### TASK ITEM
Skip the pictures and give back the rest of the listing exactly.

### GIVEN MATERIAL
################
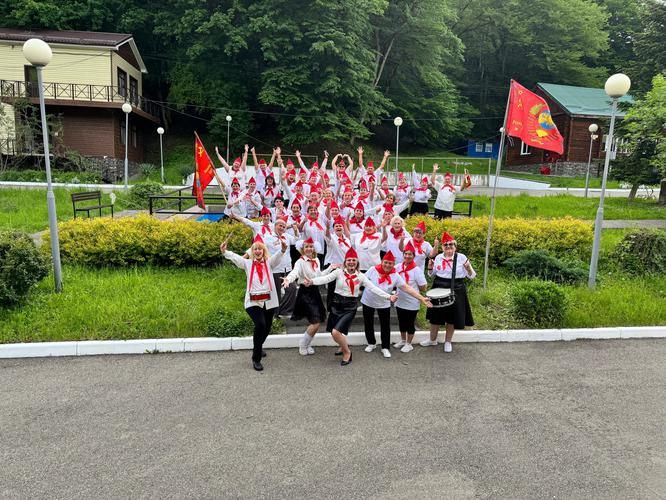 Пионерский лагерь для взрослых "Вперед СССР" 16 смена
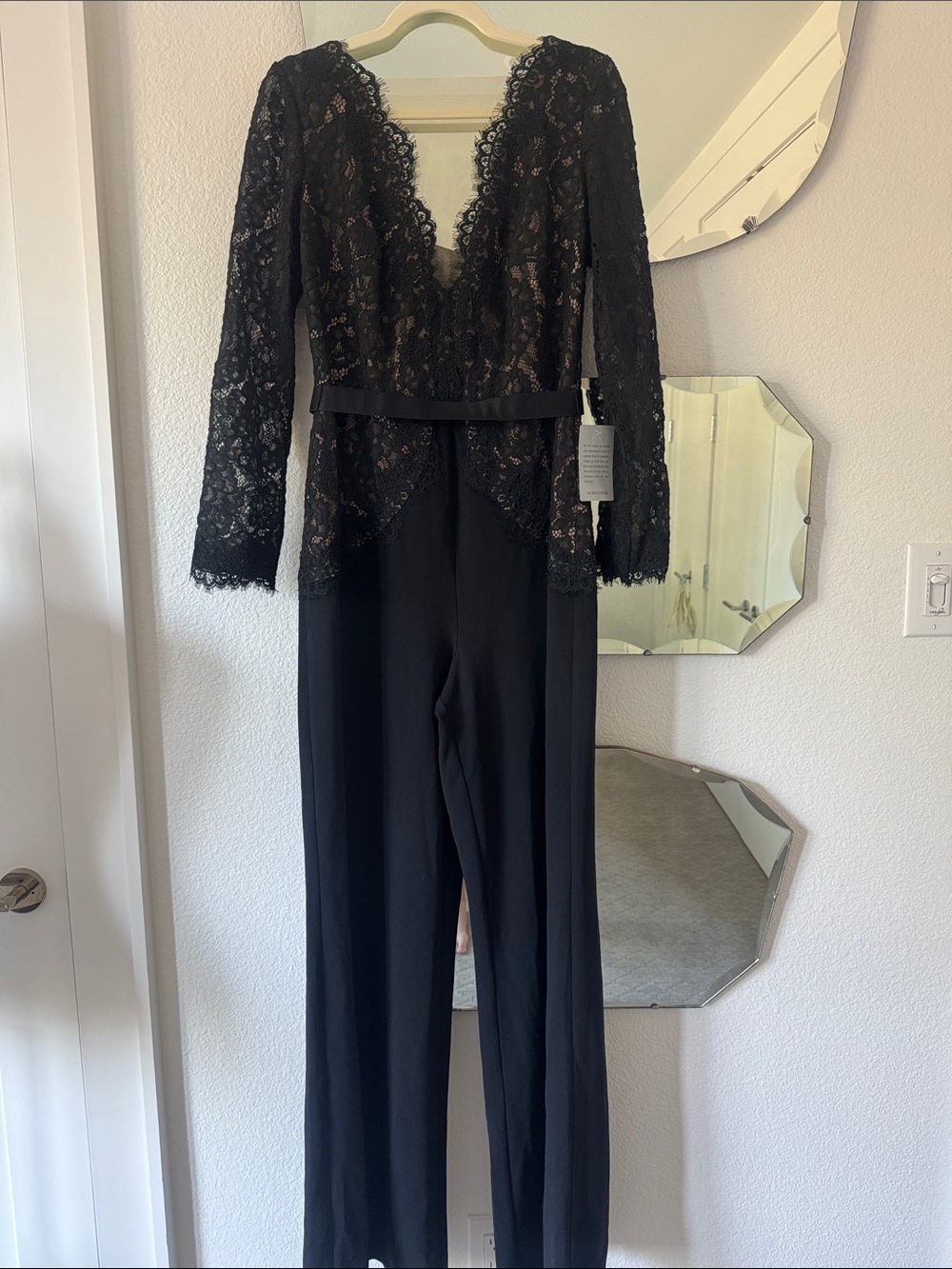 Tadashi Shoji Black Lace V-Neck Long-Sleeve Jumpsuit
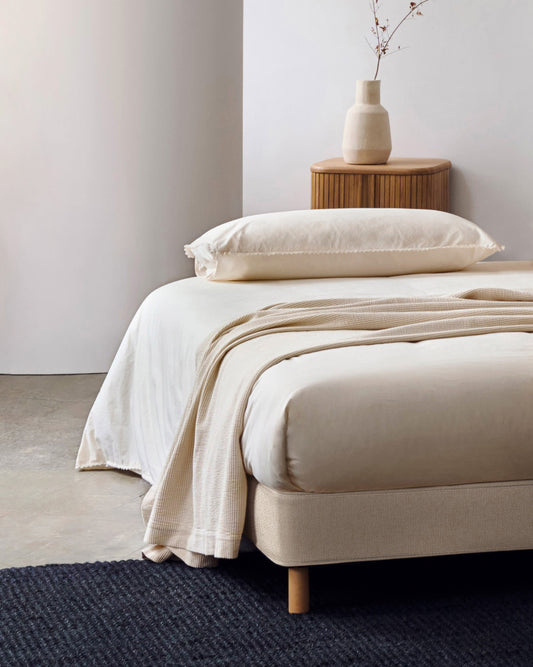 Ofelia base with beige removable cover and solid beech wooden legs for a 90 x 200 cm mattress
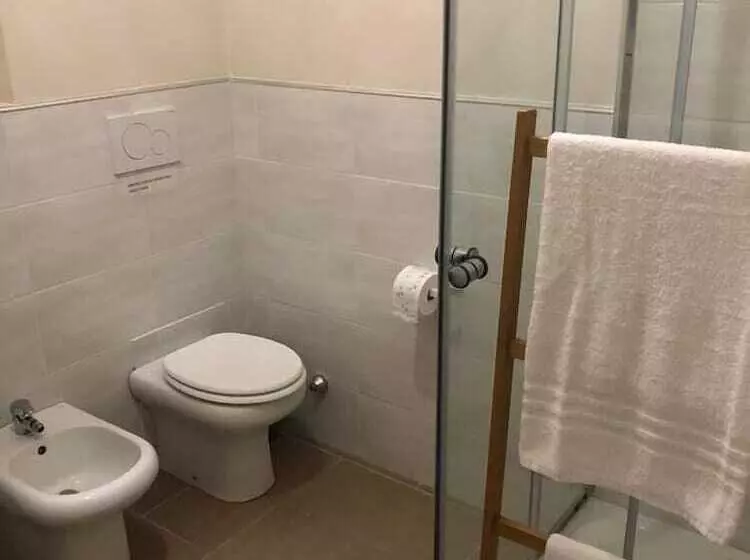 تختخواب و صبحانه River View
################
### RESPONSE TO THE TASK
 Пионерский лагерь для взрослых "Вперед СССР" 16 смена
 Tadashi Shoji Black Lace V-Neck Long-Sleeve Jumpsuit
 Ofelia base with beige removable cover and solid beech wooden legs for a 90 x 200 cm mattress
 تختخواب و صبحانه River View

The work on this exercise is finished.